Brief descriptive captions
========
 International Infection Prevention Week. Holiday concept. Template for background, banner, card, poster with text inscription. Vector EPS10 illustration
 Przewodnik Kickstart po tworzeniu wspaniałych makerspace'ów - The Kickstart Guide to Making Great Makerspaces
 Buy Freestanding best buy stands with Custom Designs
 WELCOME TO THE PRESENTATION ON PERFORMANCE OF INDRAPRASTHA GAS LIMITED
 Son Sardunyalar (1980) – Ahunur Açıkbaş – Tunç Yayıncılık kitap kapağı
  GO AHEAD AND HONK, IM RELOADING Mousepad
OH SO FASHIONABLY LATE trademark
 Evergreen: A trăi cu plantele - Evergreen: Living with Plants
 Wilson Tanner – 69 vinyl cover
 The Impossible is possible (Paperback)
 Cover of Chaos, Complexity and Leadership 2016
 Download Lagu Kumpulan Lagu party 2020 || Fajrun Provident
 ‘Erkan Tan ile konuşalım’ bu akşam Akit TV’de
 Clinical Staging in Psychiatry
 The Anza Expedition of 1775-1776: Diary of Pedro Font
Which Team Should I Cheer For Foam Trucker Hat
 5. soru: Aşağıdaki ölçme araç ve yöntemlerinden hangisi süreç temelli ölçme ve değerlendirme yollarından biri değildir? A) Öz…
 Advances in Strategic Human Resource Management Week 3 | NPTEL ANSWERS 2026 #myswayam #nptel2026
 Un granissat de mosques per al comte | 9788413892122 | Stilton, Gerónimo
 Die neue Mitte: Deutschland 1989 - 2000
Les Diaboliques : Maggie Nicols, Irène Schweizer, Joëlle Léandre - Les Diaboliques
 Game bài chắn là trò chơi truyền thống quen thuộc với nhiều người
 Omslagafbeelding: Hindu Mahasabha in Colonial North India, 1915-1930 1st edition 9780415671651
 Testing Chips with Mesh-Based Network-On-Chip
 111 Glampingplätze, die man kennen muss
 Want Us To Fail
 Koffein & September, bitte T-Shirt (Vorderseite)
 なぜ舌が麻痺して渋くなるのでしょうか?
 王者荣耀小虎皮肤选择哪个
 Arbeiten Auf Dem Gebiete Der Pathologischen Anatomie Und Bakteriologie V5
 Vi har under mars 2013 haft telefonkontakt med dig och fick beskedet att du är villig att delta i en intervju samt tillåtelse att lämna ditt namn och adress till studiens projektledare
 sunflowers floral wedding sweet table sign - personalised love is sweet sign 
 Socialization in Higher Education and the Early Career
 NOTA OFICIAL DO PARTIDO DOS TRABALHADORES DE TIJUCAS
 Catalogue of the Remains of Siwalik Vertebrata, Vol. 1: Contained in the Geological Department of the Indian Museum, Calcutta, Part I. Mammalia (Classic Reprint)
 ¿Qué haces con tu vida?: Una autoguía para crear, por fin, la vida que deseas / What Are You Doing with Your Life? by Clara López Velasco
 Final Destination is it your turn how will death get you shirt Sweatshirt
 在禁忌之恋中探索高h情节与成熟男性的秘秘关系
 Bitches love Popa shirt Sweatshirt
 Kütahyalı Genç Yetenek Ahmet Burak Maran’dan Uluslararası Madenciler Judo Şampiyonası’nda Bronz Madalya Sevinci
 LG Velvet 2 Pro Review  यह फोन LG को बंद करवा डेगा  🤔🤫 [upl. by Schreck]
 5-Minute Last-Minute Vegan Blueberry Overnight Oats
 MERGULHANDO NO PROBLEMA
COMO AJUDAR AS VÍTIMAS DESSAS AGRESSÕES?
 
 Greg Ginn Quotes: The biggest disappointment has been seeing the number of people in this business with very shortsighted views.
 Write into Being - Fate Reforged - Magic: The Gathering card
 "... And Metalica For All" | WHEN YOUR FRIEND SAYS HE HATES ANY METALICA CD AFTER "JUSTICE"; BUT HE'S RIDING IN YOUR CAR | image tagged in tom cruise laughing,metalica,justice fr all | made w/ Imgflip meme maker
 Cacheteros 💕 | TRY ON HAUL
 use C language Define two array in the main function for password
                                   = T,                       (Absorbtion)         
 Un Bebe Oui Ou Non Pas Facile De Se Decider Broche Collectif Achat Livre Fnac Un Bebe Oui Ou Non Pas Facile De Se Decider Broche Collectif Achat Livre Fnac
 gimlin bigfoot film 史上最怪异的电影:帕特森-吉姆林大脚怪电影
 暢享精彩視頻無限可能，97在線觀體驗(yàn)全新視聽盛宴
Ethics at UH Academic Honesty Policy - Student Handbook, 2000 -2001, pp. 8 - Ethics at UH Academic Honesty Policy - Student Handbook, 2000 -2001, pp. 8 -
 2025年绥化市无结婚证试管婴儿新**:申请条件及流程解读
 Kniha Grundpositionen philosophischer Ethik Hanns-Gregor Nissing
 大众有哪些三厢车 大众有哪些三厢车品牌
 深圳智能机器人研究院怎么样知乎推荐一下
========
* TASK TO CARRY OUT:
Copy the lines above exactly. Start with the line containing "Catalogue of the", end with the line containing "COMO AJUDAR AS VÍTIMAS DESSAS AGRESSÕES?", and include both.

* WRITTEN ANSWER:
 Catalogue of the Remains of Siwalik Vertebrata, Vol. 1: Contained in the Geological Department of the Indian Museum, Calcutta, Part I. Mammalia (Classic Reprint)
 ¿Qué haces con tu vida?: Una autoguía para crear, por fin, la vida que deseas / What Are You Doing with Your Life? by Clara López Velasco
 Final Destination is it your turn how will death get you shirt Sweatshirt
 在禁忌之恋中探索高h情节与成熟男性的秘秘关系
 Bitches love Popa shirt Sweatshirt
 Kütahyalı Genç Yetenek Ahmet Burak Maran’dan Uluslararası Madenciler Judo Şampiyonası’nda Bronz Madalya Sevinci
 LG Velvet 2 Pro Review  यह फोन LG को बंद करवा डेगा  🤔🤫 [upl. by Schreck]
 5-Minute Last-Minute Vegan Blueberry Overnight Oats
 MERGULHANDO NO PROBLEMA
COMO AJUDAR AS VÍTIMAS DESSAS AGRESSÕES?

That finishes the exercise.